The Arab Israeli lawmaker who accused the Jewish state of having 'racist' and 'fascist' policies enjoys rights and freedoms he wouldn't find anywhere else in the Middle East.

May 27, 2010|Jacob Dayan

The Jewish state of Israel is a diverse nation that has absorbed people from more than 140 countries. Among its population are about 1.5 million Arabs, including Israeli Knesset member Ahmad Tibi, who in a May 23 Times interview lashed out at Israel, using inflammatory words like "racist" and "fascist." As is his style, Tibi failed to back up his white-hot rhetoric with hard facts.

In 1947, Arab leaders rejected a United Nations resolution to form an Arab state alongside a Jewish one. This caused the displacement of some 600,000 Palestinian refugees. From that point forward, Arab nations have denied these Palestinians and their descendants citizenship and basic civil rights, including the right to own property, get an education or take out loans — rights held by Israeli Arabs.

Arab Israelis, who make up about 20% of the nation's population, enjoy equal rights, government representation and protection in Israel. They live freely in all parts of Israel, can use all public facilities, attend Israel's top universities and are contributing members of society. By no means is Israel the epitome of perfection, but we do aspire for equality for all our citizens. According to the Abraham Fund Initiative, since Israel's establishment in 1948, the number of schools in the Arab Israeli school system increased by more than fifteenfold; Hebrew schools grew by only five times. The number of classes offered in the Arab Israeli system increased more than seventeenfold, and since 1961 the literacy rate of Arab Israelis jumped from 49.6% to 90%, a clear indication of the educational opportunities offered to all our citizens.

Not only are Arabs treated equally as individual citizens, but their minority status is also recognized in some aspects by the government, with Arabic being an official language in Israel (alongside Hebrew) and Israeli Muslims having their own jurisdiction on religious issues (Sharia law) pertaining to members of their community, just like Jewish religious law at the Rabbinical courts. Additionally, Arab Israelis are citizens with full voting rights and can serve as elected members of the Knesset, as lawmaker Tibi does. It is true that Arab Israelis hold about 10% of the Knesset seats, a number that is disproportionate to their population. Perhaps this is because Arab Israelis are opting instead to vote for non-Arab parties or exercising their democratic right not to vote at all.

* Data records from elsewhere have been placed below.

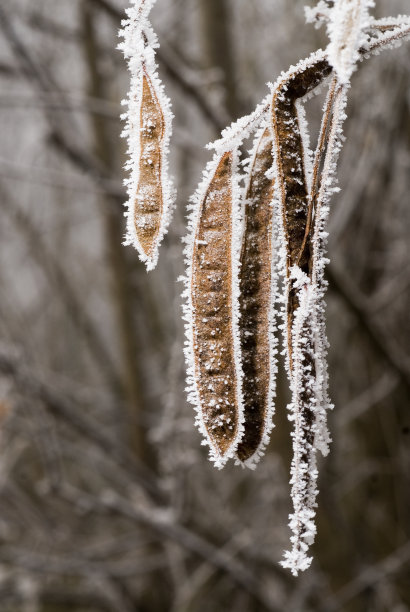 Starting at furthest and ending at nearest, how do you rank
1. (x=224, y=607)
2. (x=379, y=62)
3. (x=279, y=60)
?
(x=224, y=607), (x=279, y=60), (x=379, y=62)

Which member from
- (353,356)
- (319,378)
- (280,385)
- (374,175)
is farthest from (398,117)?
(319,378)

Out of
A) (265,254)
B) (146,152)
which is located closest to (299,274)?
(265,254)

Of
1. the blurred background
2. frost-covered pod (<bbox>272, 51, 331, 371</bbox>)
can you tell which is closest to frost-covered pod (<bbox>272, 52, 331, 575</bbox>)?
frost-covered pod (<bbox>272, 51, 331, 371</bbox>)

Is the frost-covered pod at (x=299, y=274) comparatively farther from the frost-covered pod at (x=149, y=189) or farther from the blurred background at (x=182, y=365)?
the blurred background at (x=182, y=365)

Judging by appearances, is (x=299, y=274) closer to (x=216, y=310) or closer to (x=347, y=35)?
(x=216, y=310)

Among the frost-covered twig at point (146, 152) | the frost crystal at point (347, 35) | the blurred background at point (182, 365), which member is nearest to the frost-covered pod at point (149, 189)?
the frost-covered twig at point (146, 152)

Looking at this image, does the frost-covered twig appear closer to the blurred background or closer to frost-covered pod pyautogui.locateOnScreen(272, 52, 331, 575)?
frost-covered pod pyautogui.locateOnScreen(272, 52, 331, 575)

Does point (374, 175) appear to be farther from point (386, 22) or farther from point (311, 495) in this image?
point (311, 495) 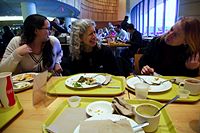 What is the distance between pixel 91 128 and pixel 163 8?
736 centimetres

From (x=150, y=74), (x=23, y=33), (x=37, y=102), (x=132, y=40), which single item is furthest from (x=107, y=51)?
(x=132, y=40)

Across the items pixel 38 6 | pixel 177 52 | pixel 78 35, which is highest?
pixel 38 6

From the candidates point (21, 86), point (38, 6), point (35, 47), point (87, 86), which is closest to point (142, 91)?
point (87, 86)

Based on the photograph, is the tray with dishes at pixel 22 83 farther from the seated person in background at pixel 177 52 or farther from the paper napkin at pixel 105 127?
the seated person in background at pixel 177 52

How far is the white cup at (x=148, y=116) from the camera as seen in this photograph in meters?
0.67

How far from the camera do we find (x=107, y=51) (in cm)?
196

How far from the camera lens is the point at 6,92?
86 cm

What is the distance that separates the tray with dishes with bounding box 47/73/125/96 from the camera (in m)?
1.10

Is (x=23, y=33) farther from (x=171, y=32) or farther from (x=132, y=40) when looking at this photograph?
(x=132, y=40)

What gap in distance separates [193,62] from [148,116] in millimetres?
1106

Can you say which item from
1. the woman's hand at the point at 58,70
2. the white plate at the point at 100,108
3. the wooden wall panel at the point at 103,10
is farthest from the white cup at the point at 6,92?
the wooden wall panel at the point at 103,10

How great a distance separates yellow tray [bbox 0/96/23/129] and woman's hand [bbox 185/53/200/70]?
1.44 meters

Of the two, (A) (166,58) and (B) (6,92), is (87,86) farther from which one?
(A) (166,58)

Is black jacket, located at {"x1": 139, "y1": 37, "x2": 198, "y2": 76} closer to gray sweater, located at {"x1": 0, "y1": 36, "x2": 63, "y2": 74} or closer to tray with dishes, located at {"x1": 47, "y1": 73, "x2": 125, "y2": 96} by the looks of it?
tray with dishes, located at {"x1": 47, "y1": 73, "x2": 125, "y2": 96} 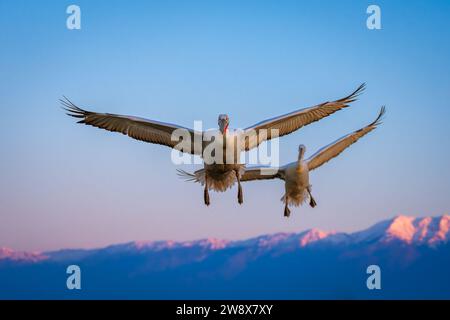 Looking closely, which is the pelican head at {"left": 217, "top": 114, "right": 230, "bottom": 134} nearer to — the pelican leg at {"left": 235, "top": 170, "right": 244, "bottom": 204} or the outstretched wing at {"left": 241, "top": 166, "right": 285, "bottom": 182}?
the pelican leg at {"left": 235, "top": 170, "right": 244, "bottom": 204}

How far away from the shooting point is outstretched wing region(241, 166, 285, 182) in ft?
72.8

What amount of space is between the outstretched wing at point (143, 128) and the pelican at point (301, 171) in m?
2.38

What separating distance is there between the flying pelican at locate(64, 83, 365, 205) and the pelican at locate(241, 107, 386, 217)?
121 centimetres

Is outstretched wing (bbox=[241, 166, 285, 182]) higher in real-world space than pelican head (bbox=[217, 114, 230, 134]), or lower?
lower

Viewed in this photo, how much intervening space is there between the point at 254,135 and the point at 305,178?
2012 millimetres

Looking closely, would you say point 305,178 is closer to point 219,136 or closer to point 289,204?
point 289,204

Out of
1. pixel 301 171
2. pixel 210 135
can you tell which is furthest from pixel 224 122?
pixel 301 171

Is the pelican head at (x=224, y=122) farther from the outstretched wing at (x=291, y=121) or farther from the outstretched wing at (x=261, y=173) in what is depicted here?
the outstretched wing at (x=261, y=173)

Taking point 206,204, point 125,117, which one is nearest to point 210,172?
point 206,204

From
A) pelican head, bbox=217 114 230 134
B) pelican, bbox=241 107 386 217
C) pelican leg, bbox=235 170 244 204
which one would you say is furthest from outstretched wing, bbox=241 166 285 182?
pelican head, bbox=217 114 230 134

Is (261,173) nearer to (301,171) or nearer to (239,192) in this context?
(301,171)

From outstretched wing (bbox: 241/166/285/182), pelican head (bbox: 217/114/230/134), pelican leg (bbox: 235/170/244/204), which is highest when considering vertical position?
pelican head (bbox: 217/114/230/134)

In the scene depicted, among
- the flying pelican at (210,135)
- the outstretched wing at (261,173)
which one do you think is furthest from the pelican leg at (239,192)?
the outstretched wing at (261,173)

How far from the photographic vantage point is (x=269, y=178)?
73.6ft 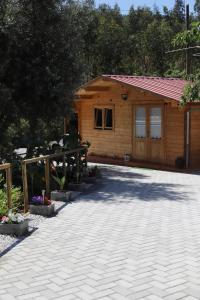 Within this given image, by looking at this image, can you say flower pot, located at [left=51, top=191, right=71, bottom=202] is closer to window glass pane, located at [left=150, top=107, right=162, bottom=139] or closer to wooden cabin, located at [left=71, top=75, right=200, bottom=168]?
wooden cabin, located at [left=71, top=75, right=200, bottom=168]

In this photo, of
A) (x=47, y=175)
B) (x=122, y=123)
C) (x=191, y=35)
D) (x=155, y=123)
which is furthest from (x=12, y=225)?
(x=122, y=123)

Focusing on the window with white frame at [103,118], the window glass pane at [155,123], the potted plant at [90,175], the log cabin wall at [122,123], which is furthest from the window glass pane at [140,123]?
the potted plant at [90,175]

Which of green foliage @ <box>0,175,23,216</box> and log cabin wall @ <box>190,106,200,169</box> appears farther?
log cabin wall @ <box>190,106,200,169</box>

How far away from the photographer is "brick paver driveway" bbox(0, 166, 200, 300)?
16.3ft

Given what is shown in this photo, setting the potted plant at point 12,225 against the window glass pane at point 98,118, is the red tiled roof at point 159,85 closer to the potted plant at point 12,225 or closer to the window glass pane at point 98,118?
the window glass pane at point 98,118

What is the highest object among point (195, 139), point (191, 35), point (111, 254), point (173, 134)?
point (191, 35)

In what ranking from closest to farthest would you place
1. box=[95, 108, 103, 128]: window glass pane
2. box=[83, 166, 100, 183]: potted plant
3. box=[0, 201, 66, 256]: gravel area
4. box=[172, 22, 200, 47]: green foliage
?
box=[172, 22, 200, 47]: green foliage, box=[0, 201, 66, 256]: gravel area, box=[83, 166, 100, 183]: potted plant, box=[95, 108, 103, 128]: window glass pane

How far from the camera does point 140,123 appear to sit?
18203 millimetres

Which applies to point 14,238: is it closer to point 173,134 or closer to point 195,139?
point 173,134

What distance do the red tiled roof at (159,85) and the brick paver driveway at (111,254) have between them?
6.50 meters

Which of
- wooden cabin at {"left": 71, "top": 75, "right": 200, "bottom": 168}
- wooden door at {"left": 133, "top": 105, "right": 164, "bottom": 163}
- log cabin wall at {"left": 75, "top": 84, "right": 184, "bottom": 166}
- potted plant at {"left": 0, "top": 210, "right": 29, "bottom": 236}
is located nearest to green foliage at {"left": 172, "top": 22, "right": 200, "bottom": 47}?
potted plant at {"left": 0, "top": 210, "right": 29, "bottom": 236}

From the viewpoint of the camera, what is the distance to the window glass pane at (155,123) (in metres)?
17.4

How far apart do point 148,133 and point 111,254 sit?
11.8m

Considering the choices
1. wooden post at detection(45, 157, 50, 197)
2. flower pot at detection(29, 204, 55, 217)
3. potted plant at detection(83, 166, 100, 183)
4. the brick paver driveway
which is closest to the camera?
the brick paver driveway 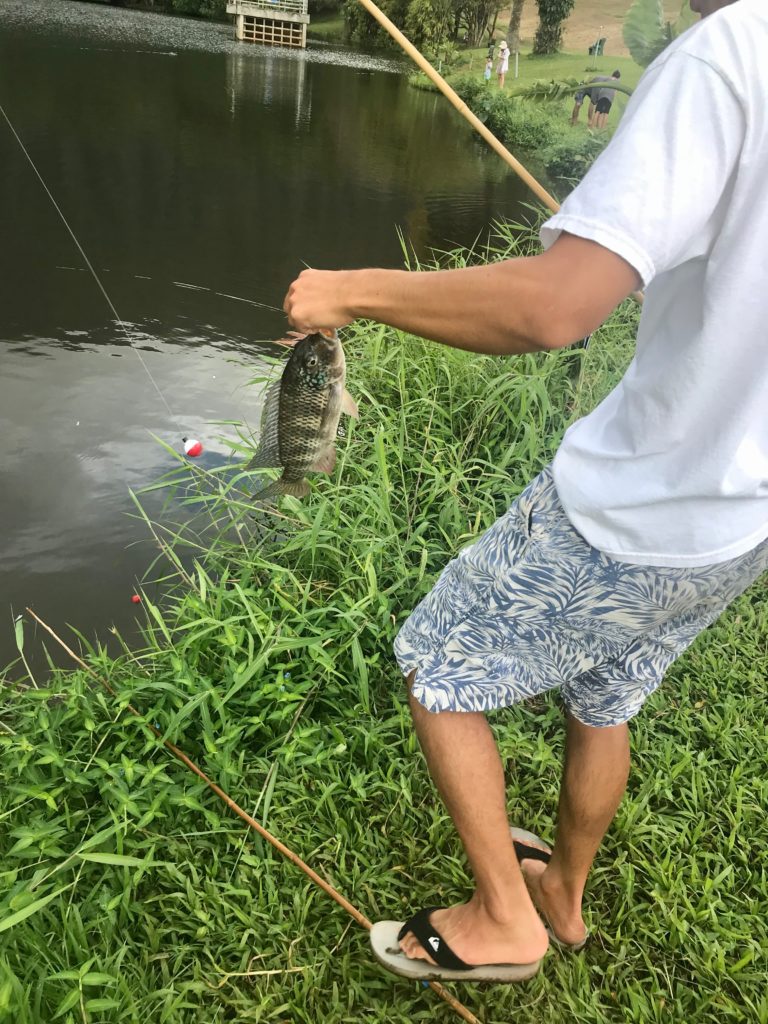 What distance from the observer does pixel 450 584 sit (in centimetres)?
150

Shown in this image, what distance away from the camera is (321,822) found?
2.15 meters

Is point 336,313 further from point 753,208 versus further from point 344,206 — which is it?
point 344,206

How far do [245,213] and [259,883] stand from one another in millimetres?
10178

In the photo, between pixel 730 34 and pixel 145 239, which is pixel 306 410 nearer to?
pixel 730 34

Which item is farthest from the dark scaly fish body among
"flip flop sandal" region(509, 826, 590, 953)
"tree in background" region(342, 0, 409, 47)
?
"tree in background" region(342, 0, 409, 47)

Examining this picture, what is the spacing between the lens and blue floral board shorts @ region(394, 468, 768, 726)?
131 centimetres

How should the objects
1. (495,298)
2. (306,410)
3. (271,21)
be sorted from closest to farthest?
(495,298) < (306,410) < (271,21)

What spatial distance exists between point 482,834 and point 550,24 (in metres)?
11.4

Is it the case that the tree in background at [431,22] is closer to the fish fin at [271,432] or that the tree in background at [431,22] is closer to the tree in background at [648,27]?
the tree in background at [648,27]

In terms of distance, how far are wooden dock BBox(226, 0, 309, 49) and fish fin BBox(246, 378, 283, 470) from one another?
120 ft

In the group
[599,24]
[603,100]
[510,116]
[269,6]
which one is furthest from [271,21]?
[603,100]

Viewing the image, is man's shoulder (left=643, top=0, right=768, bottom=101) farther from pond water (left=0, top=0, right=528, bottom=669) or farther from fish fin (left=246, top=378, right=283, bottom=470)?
pond water (left=0, top=0, right=528, bottom=669)

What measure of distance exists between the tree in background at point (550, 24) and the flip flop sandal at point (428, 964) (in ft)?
35.0

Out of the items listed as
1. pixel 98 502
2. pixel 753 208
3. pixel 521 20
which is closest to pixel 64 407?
pixel 98 502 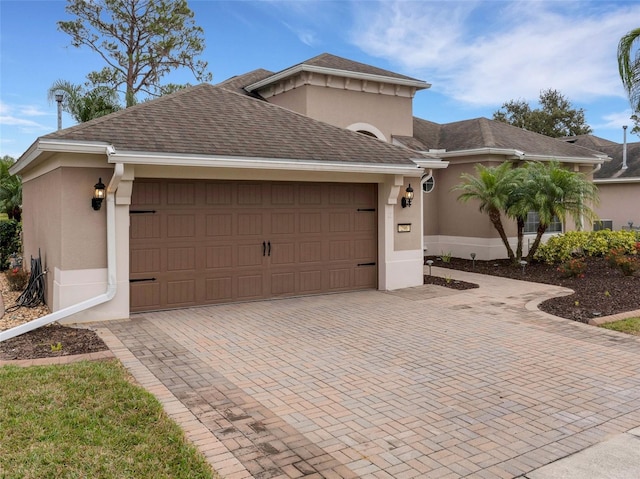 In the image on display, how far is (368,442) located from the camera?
429cm

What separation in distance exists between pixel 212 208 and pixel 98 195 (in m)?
2.11

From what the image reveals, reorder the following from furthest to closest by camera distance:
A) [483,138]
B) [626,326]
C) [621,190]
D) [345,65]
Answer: [621,190], [483,138], [345,65], [626,326]

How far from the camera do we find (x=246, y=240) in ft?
33.4

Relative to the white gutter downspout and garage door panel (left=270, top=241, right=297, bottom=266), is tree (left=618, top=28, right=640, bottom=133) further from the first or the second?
the white gutter downspout

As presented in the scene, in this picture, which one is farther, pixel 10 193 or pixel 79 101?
pixel 79 101

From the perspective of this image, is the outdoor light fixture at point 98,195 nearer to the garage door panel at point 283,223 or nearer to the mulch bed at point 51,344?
the mulch bed at point 51,344

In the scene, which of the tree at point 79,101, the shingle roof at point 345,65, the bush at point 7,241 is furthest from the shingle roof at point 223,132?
the tree at point 79,101

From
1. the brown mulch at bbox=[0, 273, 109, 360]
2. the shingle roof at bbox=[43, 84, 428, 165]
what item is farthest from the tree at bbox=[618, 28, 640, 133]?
the brown mulch at bbox=[0, 273, 109, 360]

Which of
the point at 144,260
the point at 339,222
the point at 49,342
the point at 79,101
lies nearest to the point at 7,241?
the point at 79,101

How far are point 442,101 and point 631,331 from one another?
26485mm

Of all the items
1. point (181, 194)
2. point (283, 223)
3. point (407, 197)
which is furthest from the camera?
point (407, 197)

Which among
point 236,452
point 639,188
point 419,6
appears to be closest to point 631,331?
point 236,452

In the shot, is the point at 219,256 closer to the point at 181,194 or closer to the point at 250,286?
the point at 250,286

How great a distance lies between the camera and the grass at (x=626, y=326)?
8.02 m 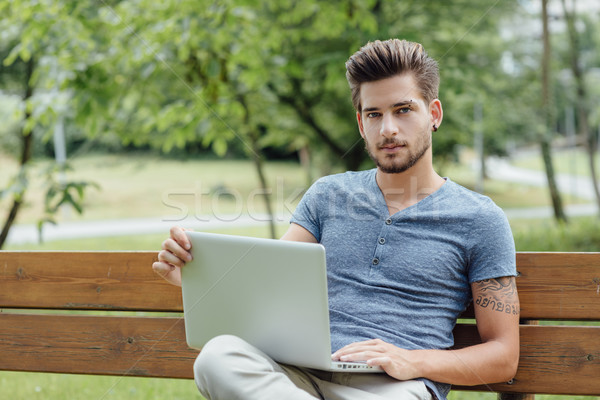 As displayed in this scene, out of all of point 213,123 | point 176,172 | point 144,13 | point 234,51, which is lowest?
point 176,172

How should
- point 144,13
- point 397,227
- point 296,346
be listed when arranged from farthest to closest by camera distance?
point 144,13 < point 397,227 < point 296,346

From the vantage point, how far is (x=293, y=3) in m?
5.52

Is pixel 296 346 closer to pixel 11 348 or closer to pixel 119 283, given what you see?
pixel 119 283

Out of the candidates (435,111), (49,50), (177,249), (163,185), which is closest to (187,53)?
(49,50)

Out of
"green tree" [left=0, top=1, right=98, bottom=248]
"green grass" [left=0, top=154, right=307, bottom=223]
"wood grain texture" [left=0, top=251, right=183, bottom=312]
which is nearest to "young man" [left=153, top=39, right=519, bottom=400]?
"wood grain texture" [left=0, top=251, right=183, bottom=312]

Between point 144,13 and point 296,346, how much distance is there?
11.1ft

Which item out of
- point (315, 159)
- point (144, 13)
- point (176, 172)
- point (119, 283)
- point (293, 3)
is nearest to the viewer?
point (119, 283)

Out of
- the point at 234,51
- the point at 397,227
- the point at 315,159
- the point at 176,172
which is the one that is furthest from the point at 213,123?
the point at 176,172

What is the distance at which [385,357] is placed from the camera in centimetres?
150

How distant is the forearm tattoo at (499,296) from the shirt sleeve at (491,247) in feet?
0.08

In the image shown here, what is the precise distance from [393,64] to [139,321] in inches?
46.3

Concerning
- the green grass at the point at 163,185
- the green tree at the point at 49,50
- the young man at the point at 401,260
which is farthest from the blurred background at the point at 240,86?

In his interview, Tibi made it clear that he has no intention of serving as a bridge between Israeli Arabs, Palestinians and Israeli Jews. But he also made it clear that he would never give up his Israeli citizenship or passport for a future Palestinian identity. And why would he? Would a Palestinian parliament allow a member to travel freely to an enemy state, such as the Arab Knesset members' recent public visit to Libya? Would a Palestinian parliament allow one of its members to serve as an adviser to a hostile government? For those who may not know, Tibi served as Yasser Arafat's adviser on Israeli affairs while simultaneously serving as a member of the Knesset.

Tibi knows that no Arab country would afford him the freedoms that the Jewish state does. After all, Arab Knesset members are even allowed to travel to Gaza, which is controlled by Hamas, the terrorist organization that vows to exterminate the Jewish state. Israeli Arab lawmakers travel there to express their support, then return to their Knesset offices to make their case to Israeli and international media. Is any such freedom available in the Arab world? Of course not! Tibi knows this; he relies on such freedoms to do his work.

Finally, allow me to reference Ishmael Khaldi who was — until recently — Israel's deputy consul general in San Francisco. Khaldi is a Bedouin who now serves as an adviser to Israeli Foreign Minister Avigdor Lieberman; he will visit Los Angeles in June to speak about his personal experiences. Below is an excerpt from what he said in a San Francisco Chronicle interview in March 2009:

"I am a proud Israeli — along with many other non-Jewish Israelis such as Druze, Baha'i, Bedouin, Christians and Muslims, who live in one of the most culturally diversified societies and the only true democracy in the Middle East…. By any yardstick you choose — educational opportunity, economic development, women and gay's rights, freedom of speech and assembly, legislative representation — Israel's minorities fare far better than any other country in the Middle East."

I may not agree with Tibi's comments, but I do recognize the importance of his right to express his opinions. The freedom of expression, granted to Tibi by the only democratic state in the Middle East, is one that is also enjoyed by all Israeli citizens — Jews and Arabs alike.

Jacob Dayan is the consul general of Israel in Los Angeles.